When you reach the line below that has "Anti-AGTR1 Antibody", start returning lines exactly, and stop after the line that has "汪国应自体脂肪面部填充术后19天 汪国应自体脂肪面部填充术后19天"; skip the pictures.

Collected data »
········

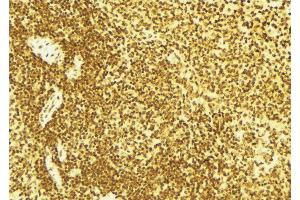 ABIN6269187 at 1/100 staining Mouse spleen tissue by IHC-P. (EIF2AK2 anticorps  (Internal Region))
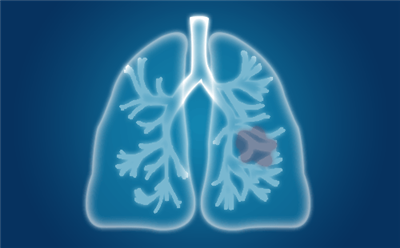 肺炎的症状特征是怎样的呢？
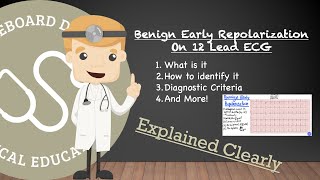 Benign Early Repolarization On Actual 12 Lead ECG  Identifying Diagnostic Criteria And More [upl. by Enilarak]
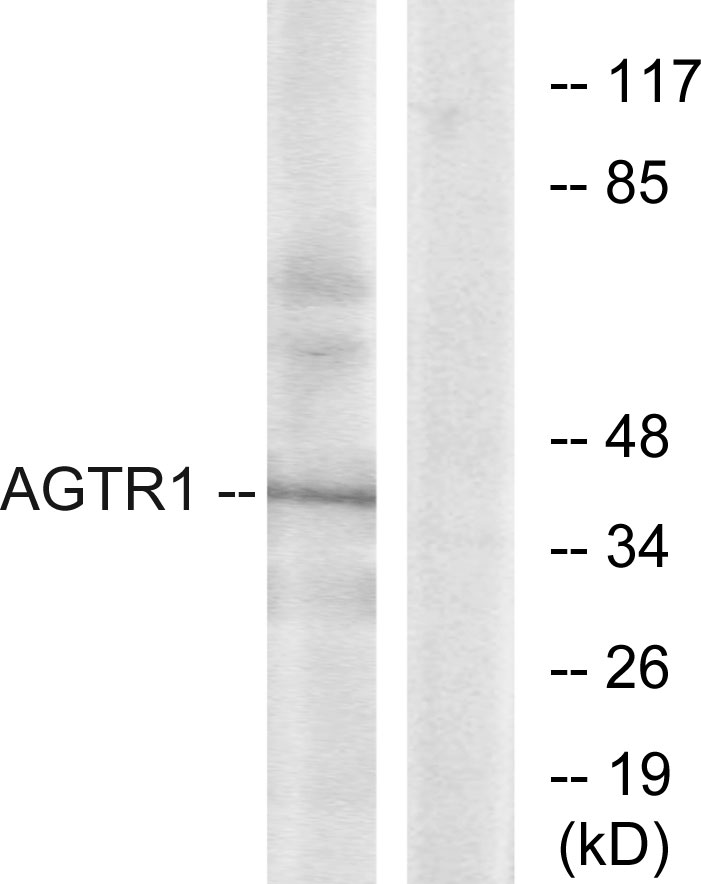 Anti-AGTR1 Antibody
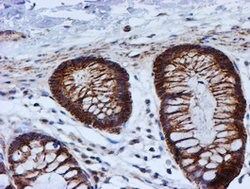 PSMB9 Mouse anti-Human, Clone: OTI1G7, lyophilized, TrueMAB 100 &mu;g;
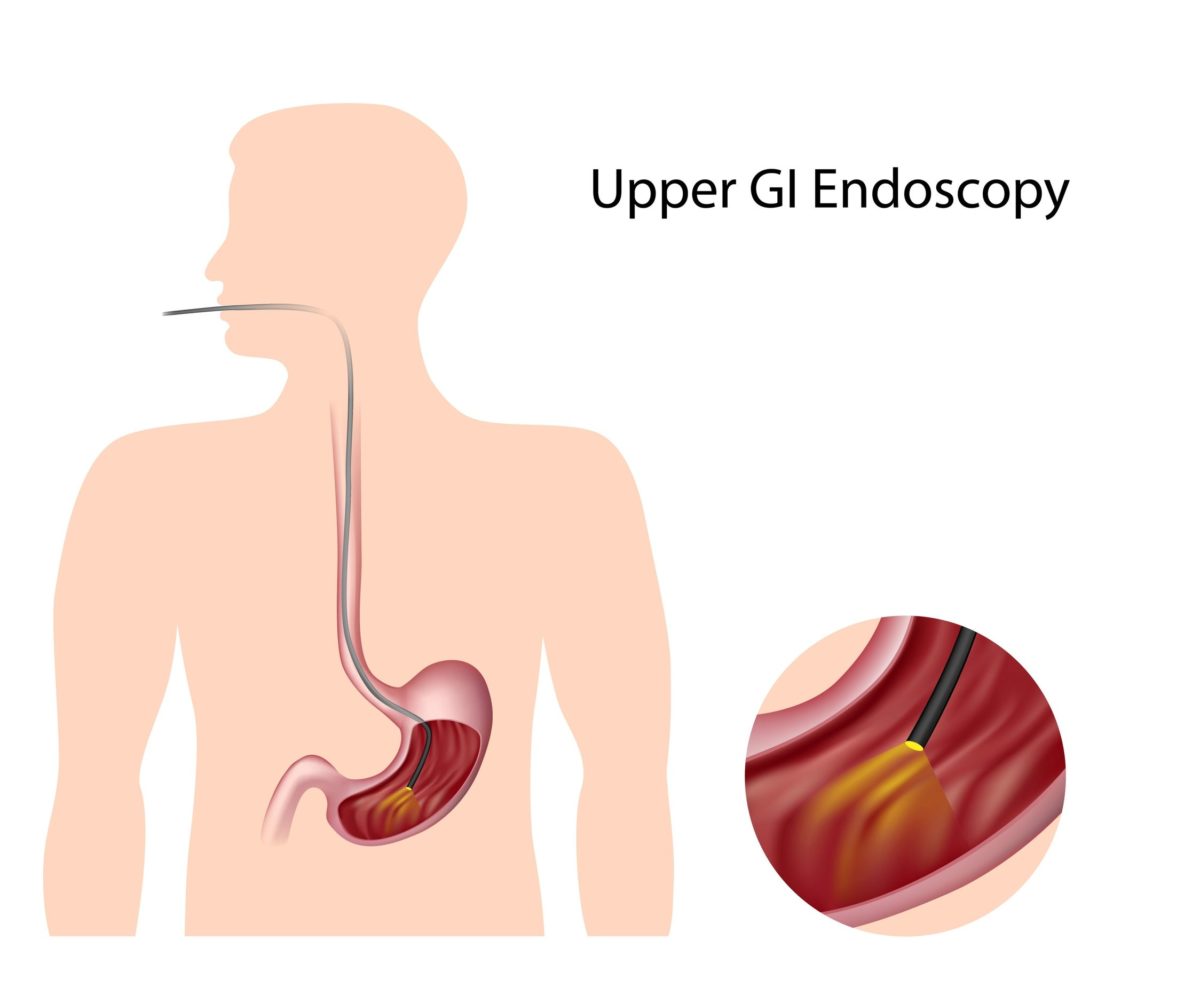 What is the Procedure for an Endoscopy?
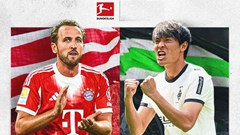 Nhận định trận đấu Bayern Munich vs Monchengladbach, 2h30 ngày 7.3: Chênh lệch đẳng cấp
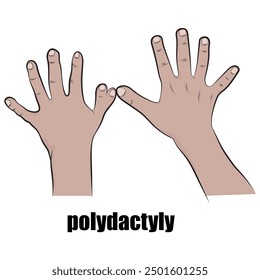 Polydactyly, a condition in which a person has more than the normal number of fingers or toes.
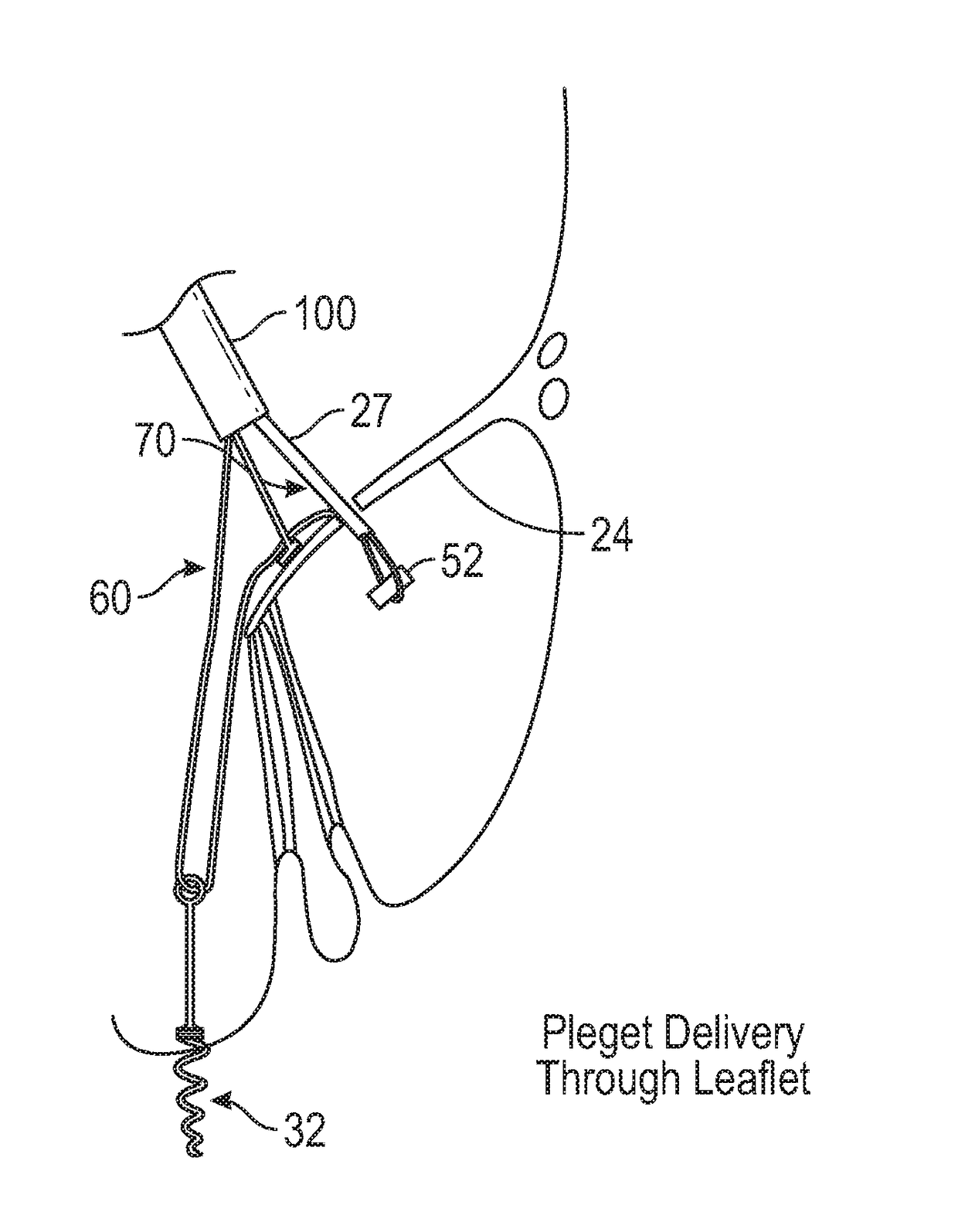 Method and apparatus for transvascular implantation of neo chordae tendinae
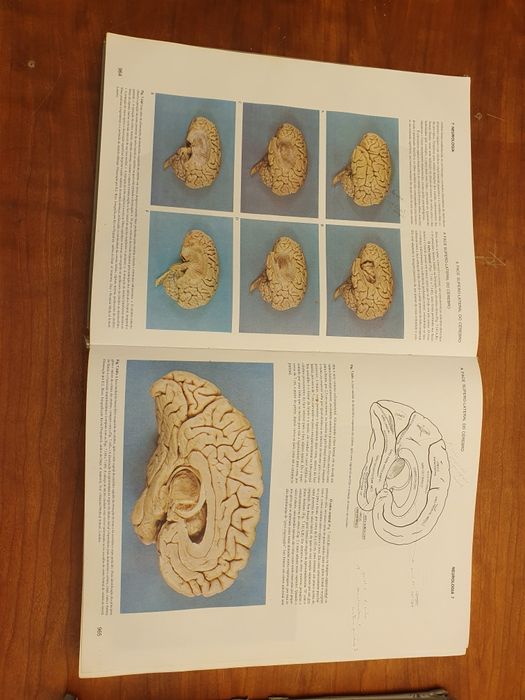 1a e 2a ediçao.  GRAY ANATOMIA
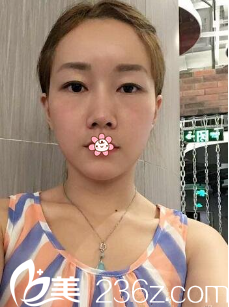 汪国应自体脂肪面部填充术后19天 汪国应自体脂肪面部填充术后19天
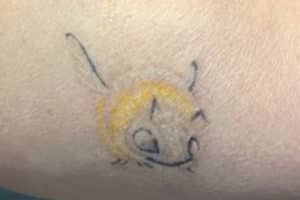 Laser Tattoo Removal San Antonio Tx Dr Robert Young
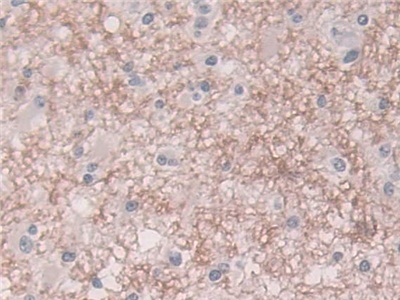 Polyclonal Antibody to Semenogelin I (SEMG1)
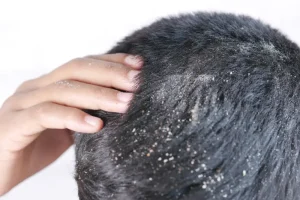 Saçta Deri Dökülmesi: Nedenleri, Belirtileri ve Etkili Tedavi Yöntemleri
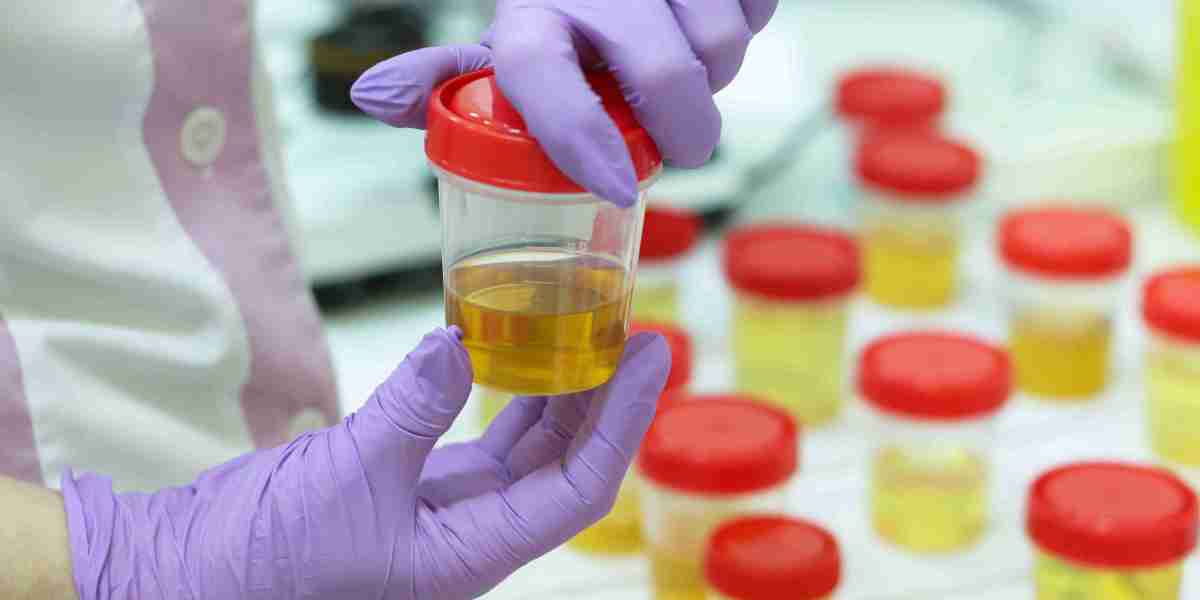 Global Urinalysis Market, Product Research, Market Information, Market Trends and Swot Analysis 2024-2031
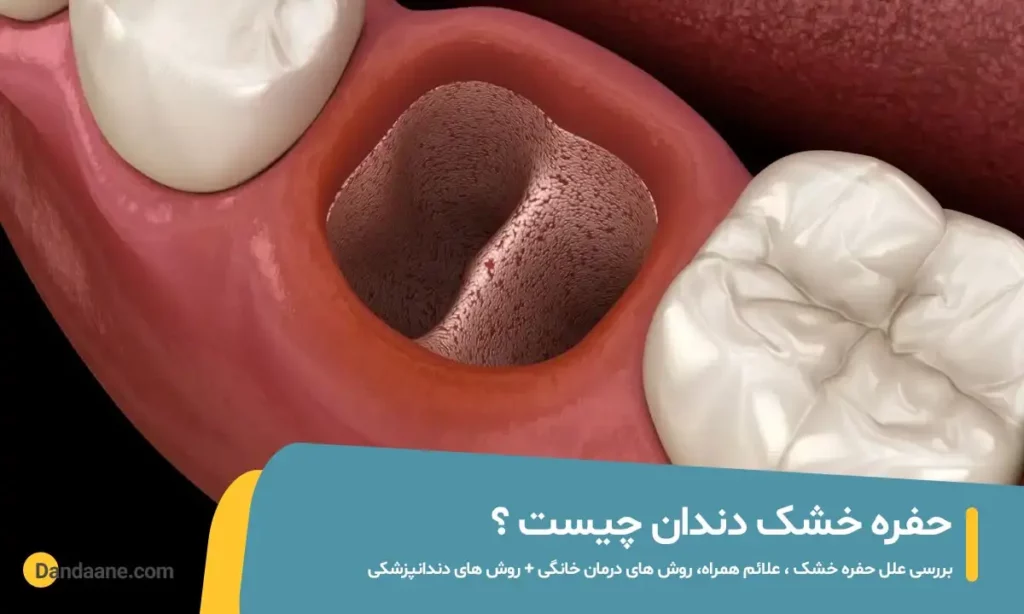حفره خشک دندان
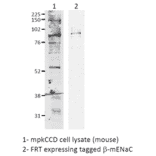 Western Blot - Anti-SCNN1B Antibody (A305133) - Antibodies.com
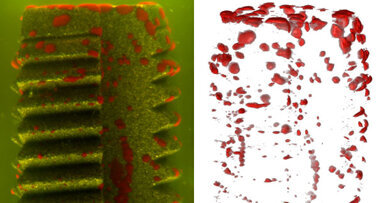 Laserverfahren ermöglicht Bakterien-Scan auf Implantaten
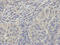Proteasome 26S Subunit, ATPase 2 antibody, A09306, Boster Biological Technology, Immunohistochemistry paraffin image 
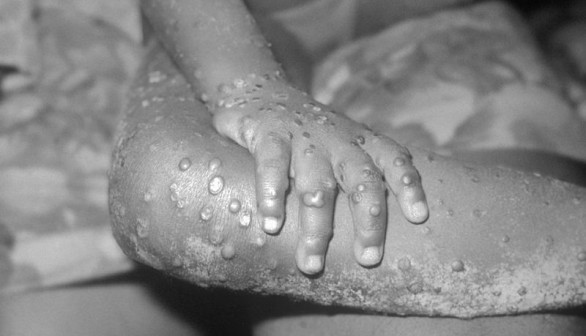 Monkeypox Outbreak Reaches Canada, U.S. with Confirmed Cases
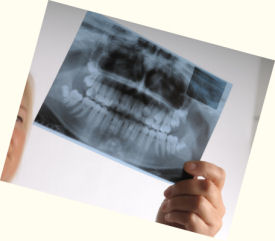X_Ray Diagnostic Dentistry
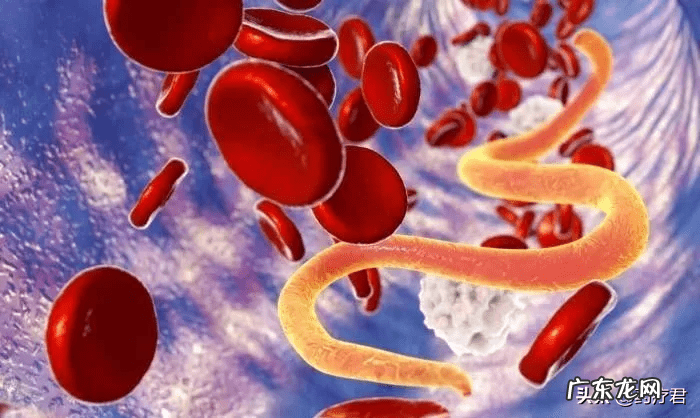 为什么肚子里有蛔虫 肚子有蛔虫是什么感觉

········

Final answer »
 Anti-AGTR1 Antibody
 PSMB9 Mouse anti-Human, Clone: OTI1G7, lyophilized, TrueMAB 100 &mu;g;
 What is the Procedure for an Endoscopy?
 Nhận định trận đấu Bayern Munich vs Monchengladbach, 2h30 ngày 7.3: Chênh lệch đẳng cấp
 Polydactyly, a condition in which a person has more than the normal number of fingers or toes.
 Method and apparatus for transvascular implantation of neo chordae tendinae
 1a e 2a ediçao.  GRAY ANATOMIA
 汪国应自体脂肪面部填充术后19天 汪国应自体脂肪面部填充术后19天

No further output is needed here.